Une voix lente aux méandres songeurs, une simplicité qui n’est pas familière. C’est bien la poésie d’une époque tourmentée dans sa profondeur, mais qui se penche sans vertige sur ses abîmes. Simplicité de notre temps ! Au-dessus de la trépidation immense des machines, un Saint-John-Perse, un Supervielle parlent avec des mots de tous les jours aux vivants et aux morts :

Mère, je sais très mal comme l’on cherche les morts…
« … Cette chose haute à la voix grave qu’on appelle un père dans les maisons. »

Comme Valéry, ce poète sait « des complicités étranges pour assembler un sourire ». Comme Max Jacob il lui arrive de situer une anecdote purement poétique dans un monde qu’il s’est créé. Jamais banal, il est parfois facile : la description du monde qu’il invente nous lasse quand elle ne l’étonne plus assez lui-même (pourtant l’autel et le surréalisme l’ont enrichie d’images…).

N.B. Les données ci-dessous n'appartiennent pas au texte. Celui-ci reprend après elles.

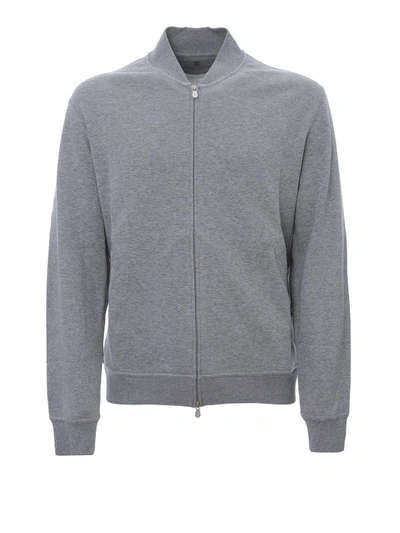 Shop Brunello Cucinelli Bomber Style Zipped Sweatshirt In Grey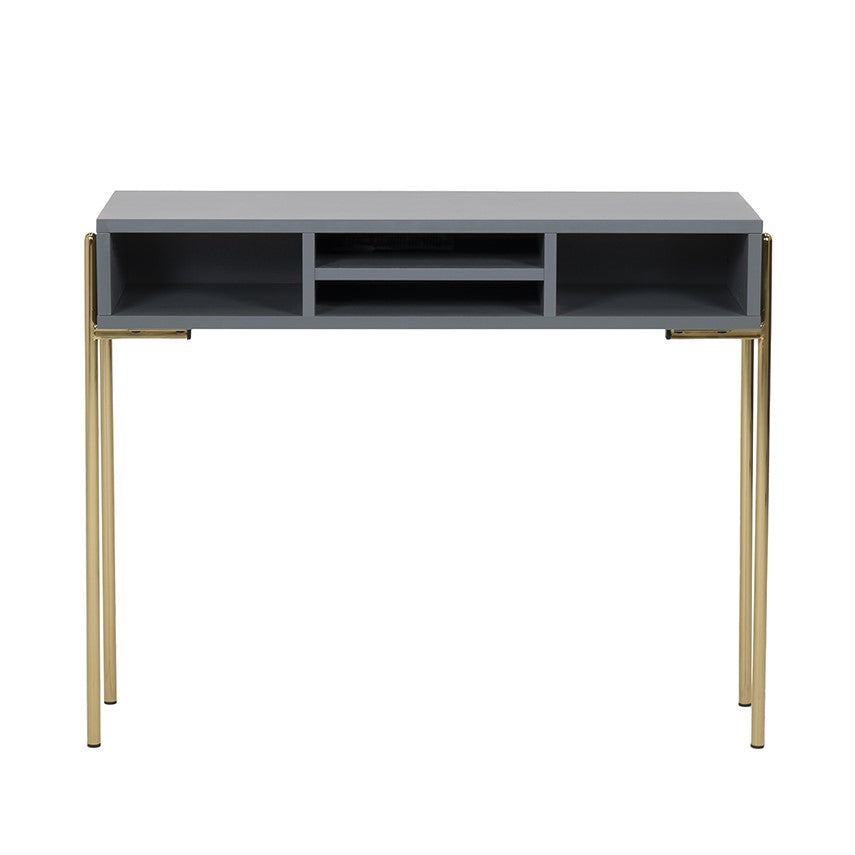Madrid Grey & Gold Console Table - The Furniture Mega Store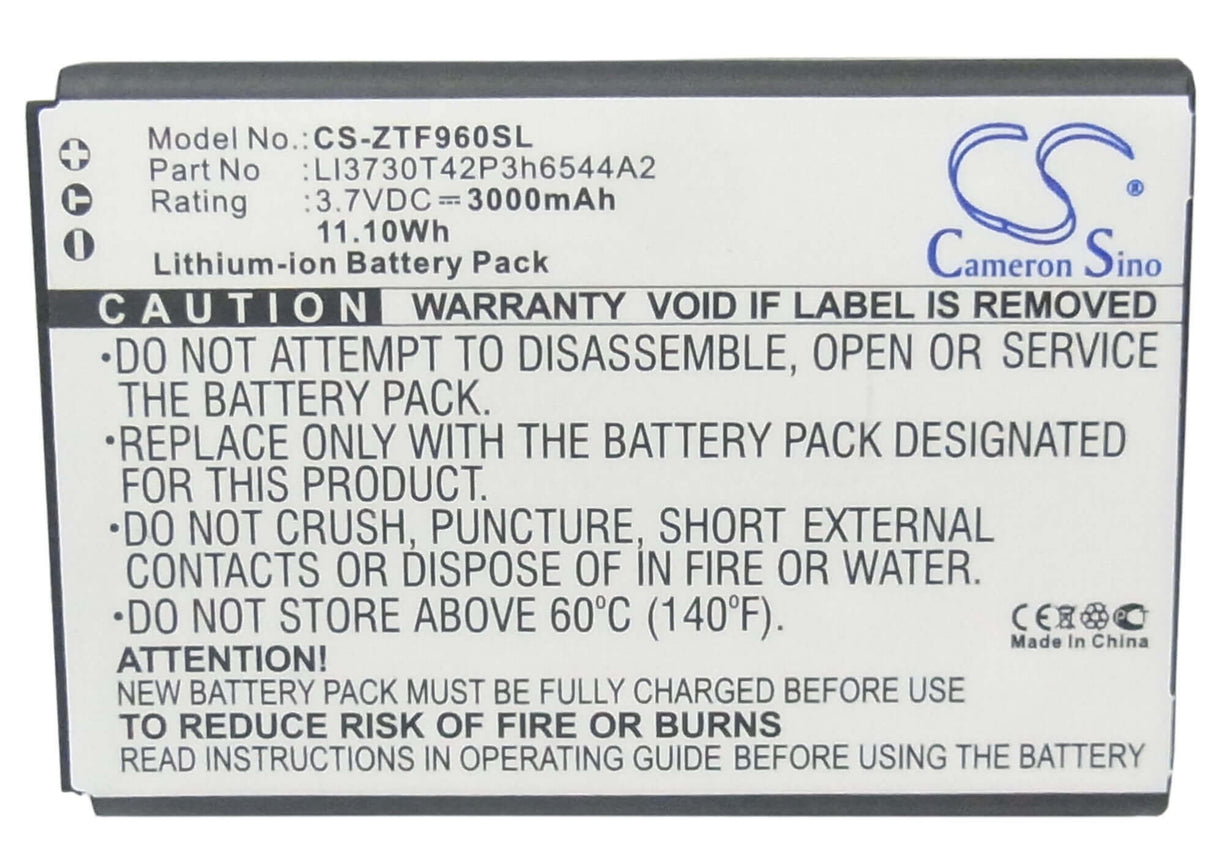 3.7V, Li-ion, 3000mAh, Hotspot battery fits Net10, Zte, T-mobile, Li3730t42p3h6544a2, Srq-z289l, Z289l, 11.10Wh Hotspot Cameron Sino Technology Limited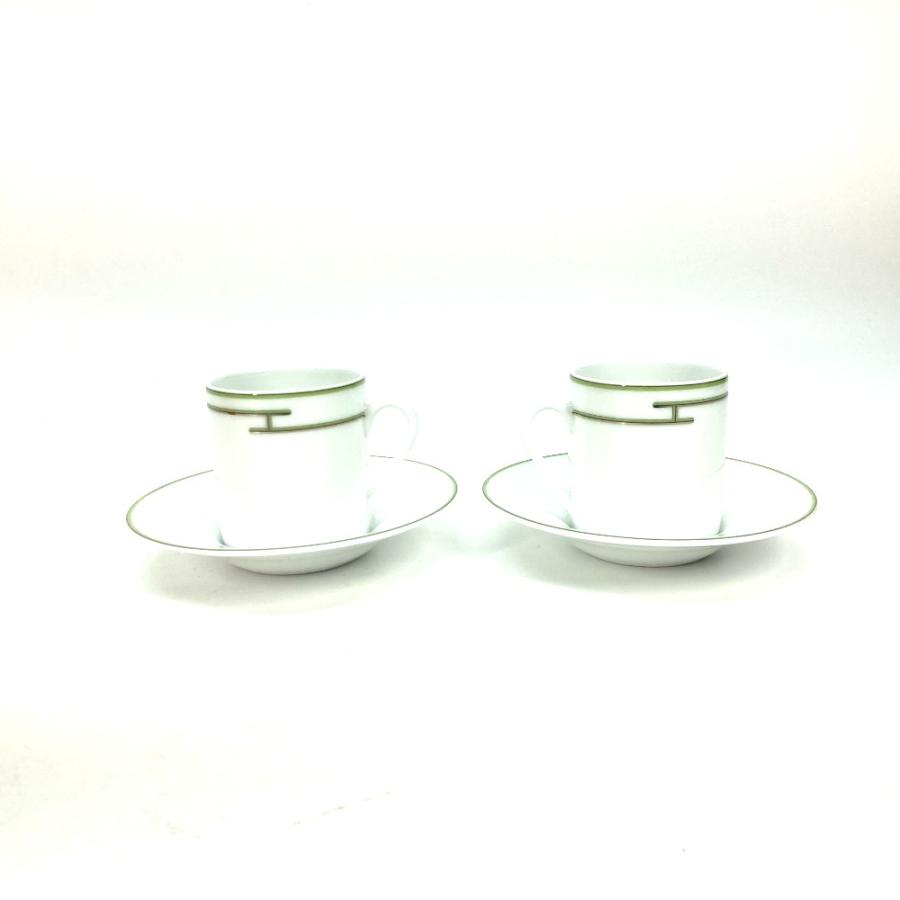 未使用 HERMES エルメス Rhythm リズム ティーカップ＆ソーサー 2客 コップ プレート 皿 食器 ティーカップ ホワイト レディース【中古】 | HERMES | 01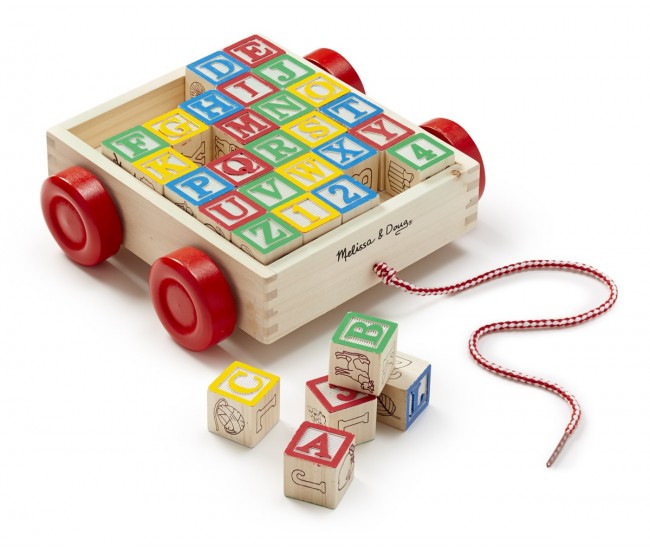 Melissa and doug - carucior cu cuburi abc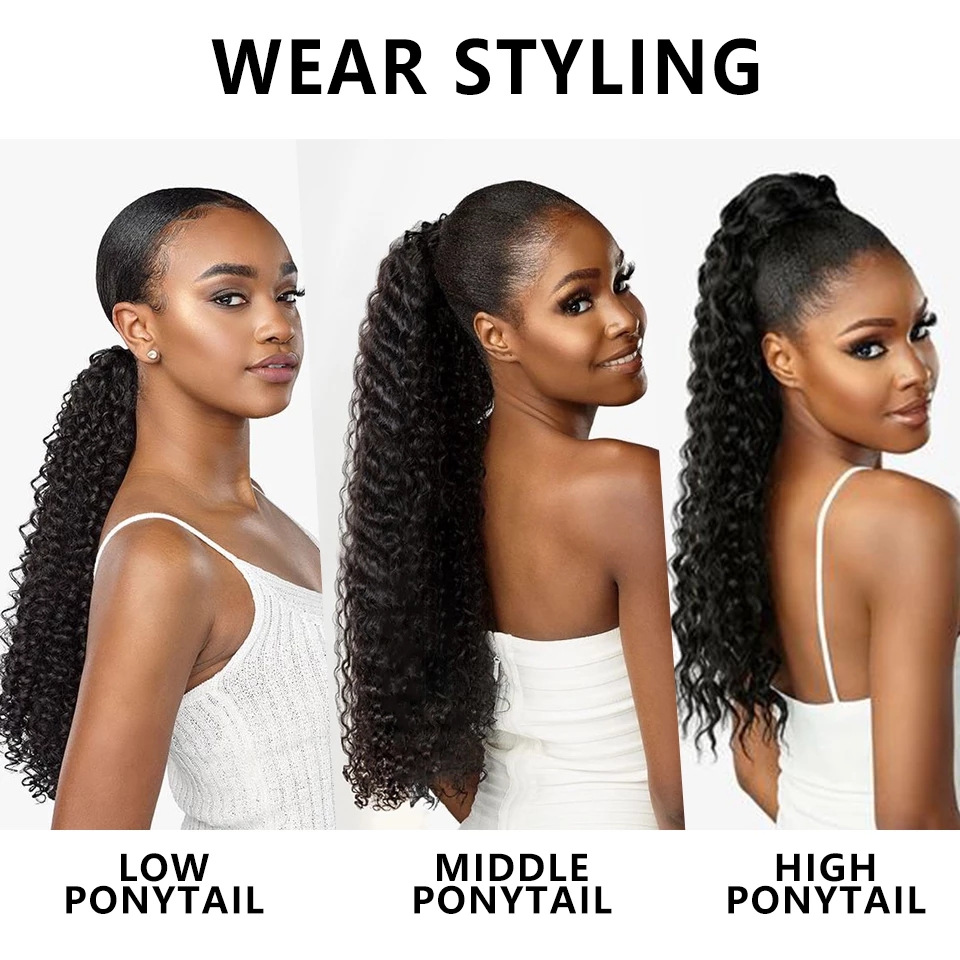 Human Long Kinky Curly Ponytail virgin Drawstring Ponytail Clip-In Hair Extension For Women Natural Looking pony tail hairpiece 160g black brown Diva2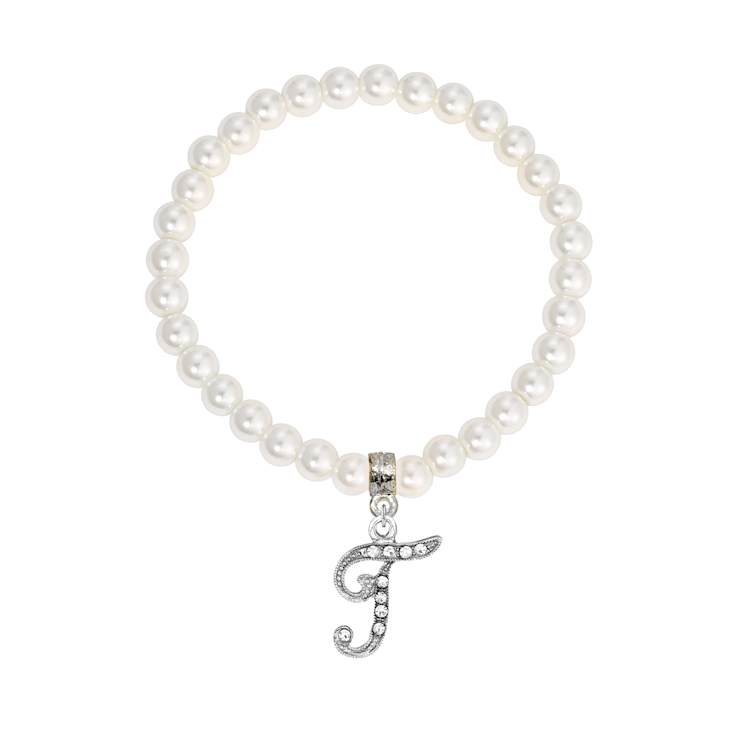 White Faux Pearl Bead Initial Charm Stretch Bracelet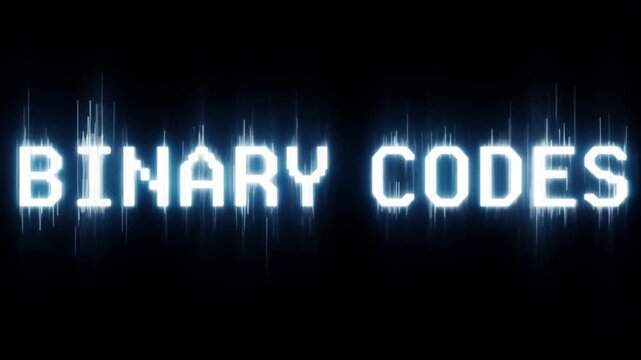 The word Binary Codes is displayed in a pixelated font on a black background, with white vertical lines of light surrounding the text.
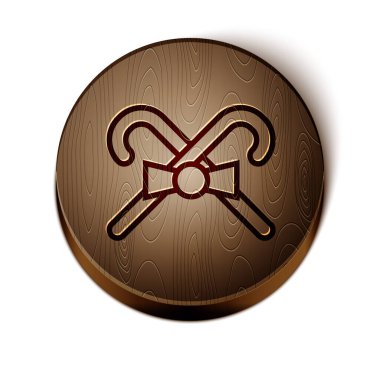 Beyaz arka planda izole edilmiş çizgili kahverengi çizgili Noel şekerleme çubuğu. Mutlu Noeller ve mutlu yıllar. Tahta daire düğmesi. Vektör.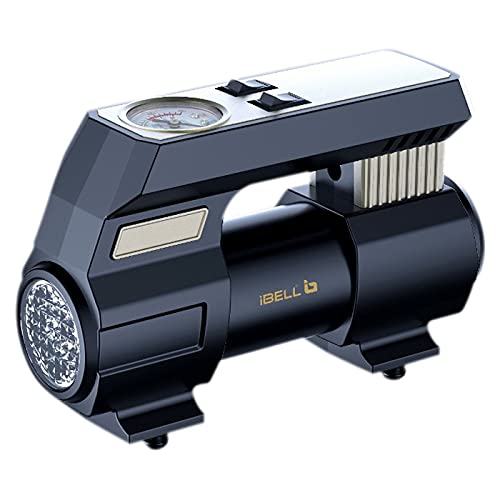 IBELL Car/Bike Tyre Inflator CA12-98, 12V DC, 120W, 12A, Air Flow 25L/min, 150 PSI with Emergency LED Flashlight
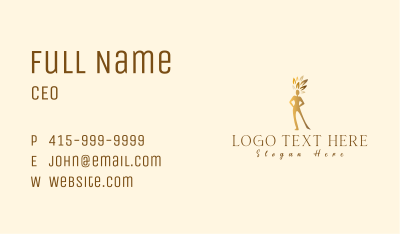 Gold Woman Tree Business Card Image Preview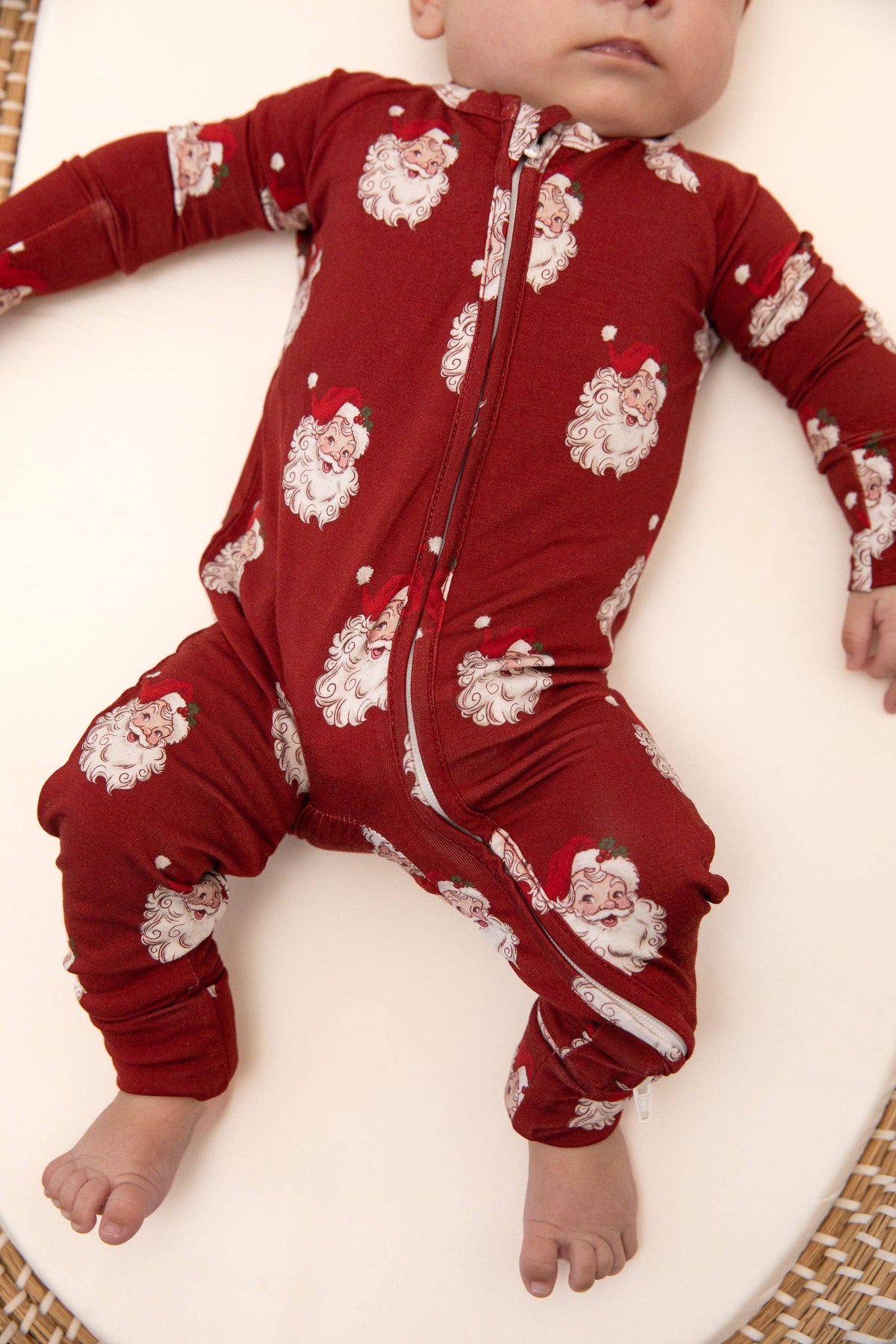 Tiny toes Baby Co - Christmas Vintage Santa Baby Bamboo Zipper Romper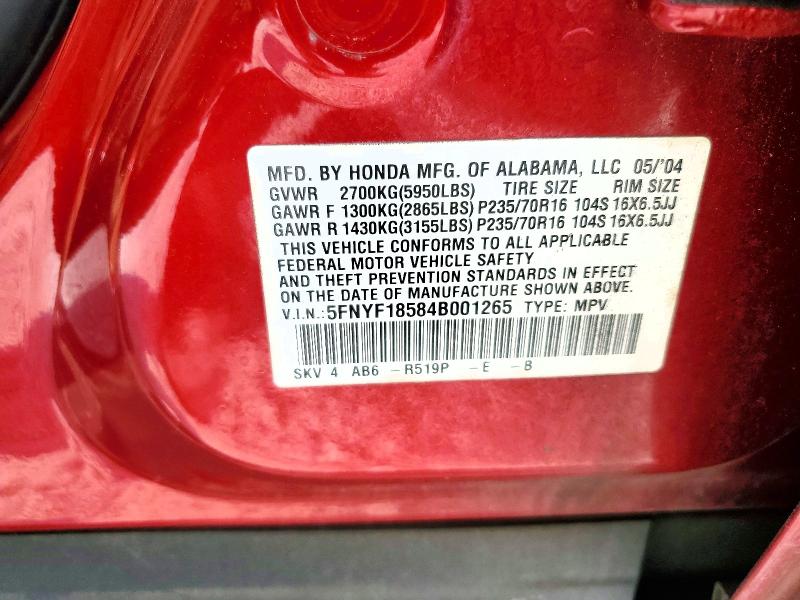 2004 Honda Pilot მანქანა იყიდება აუქციონზე, vin: 5FNYF18584B001265, აუქციონის ნომერი: 63414286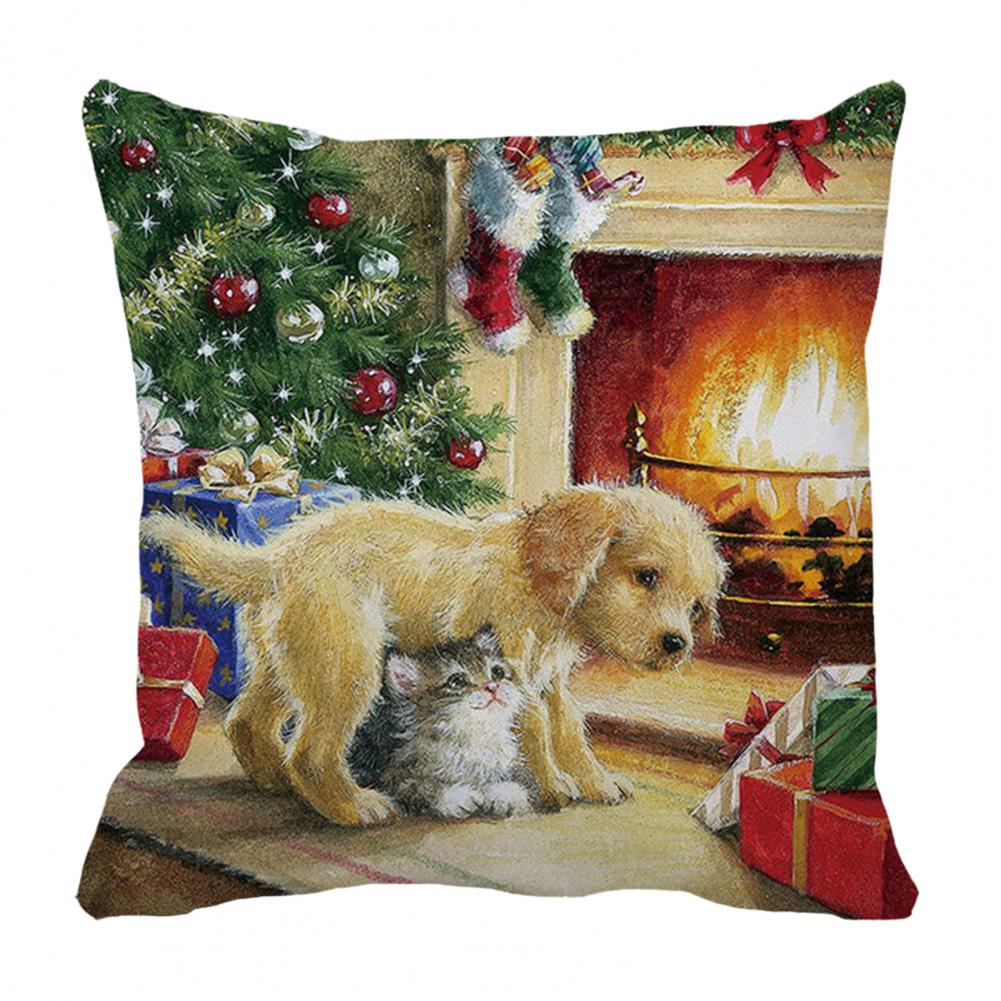 Christmas Gift Decoration Cute Cat Dog Print Cushion Cover Home Living Room Sofa Decoration Square Throw Pillow Cover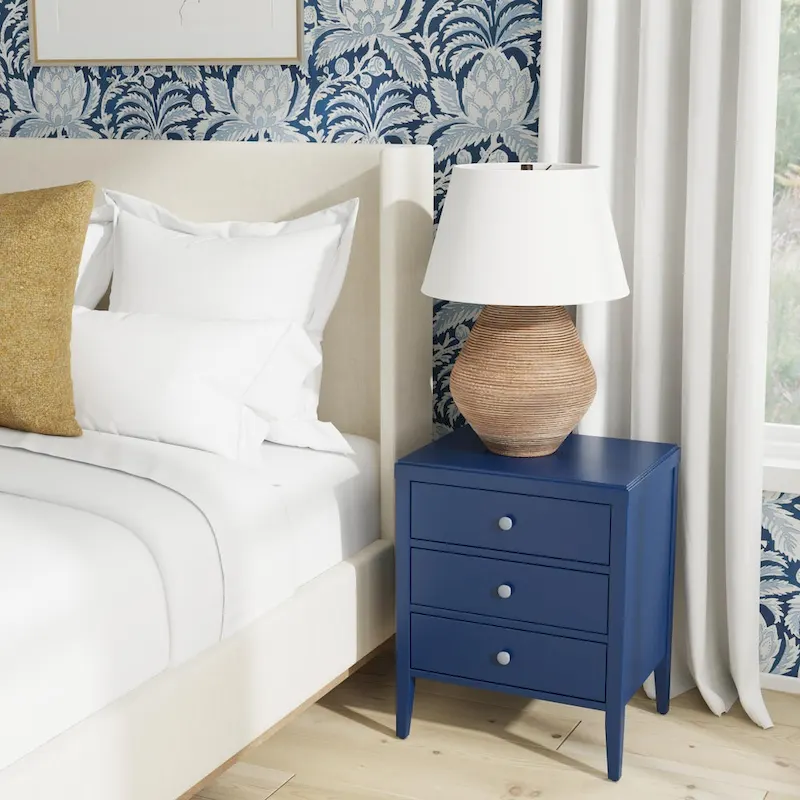 Painted Wood Storage Nightstand With Drawers by East at Main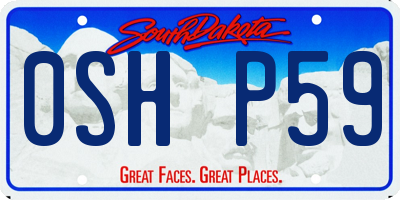 SD license plate 0SHP59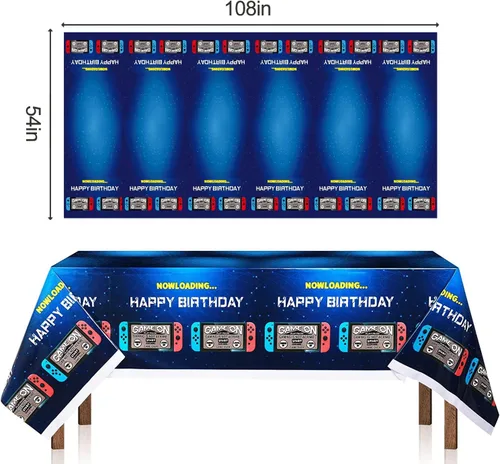Miniatura 3 de Mantel azul para fiesta de videojuegos, 2 unidades, 54 x 108 pulgadas, decoración de fiesta de cumpleaños de videojuegos, funda rectangular Mantel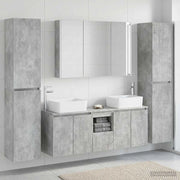 Set di mobili per il bagno 6 pz Grigio Cemento 3407234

Je cite des noms : y a-t-il influence ou seulement co-génération ? Pour peu qu’ils sortent des cafés littéraires, nos poètes respirent le même air du temps. Leur originalité se retrouve dans la manière dont ils tentent de fuir l’inquiétude où ils baignent. Celui-ci vient à peine de quitter l’air dur des pampas. « Le voilà qui s’avance, foulant les hautes herbes du ciel. » Le gaucho a dompté Pégase et caracole dans les étoiles.

J’avoue que l’univers intérieur où il lui arrive de graviter me trouble mieux que son lyrisme cosmique. On est plus près de l’infini au fond de soi qu’au fond du ciel.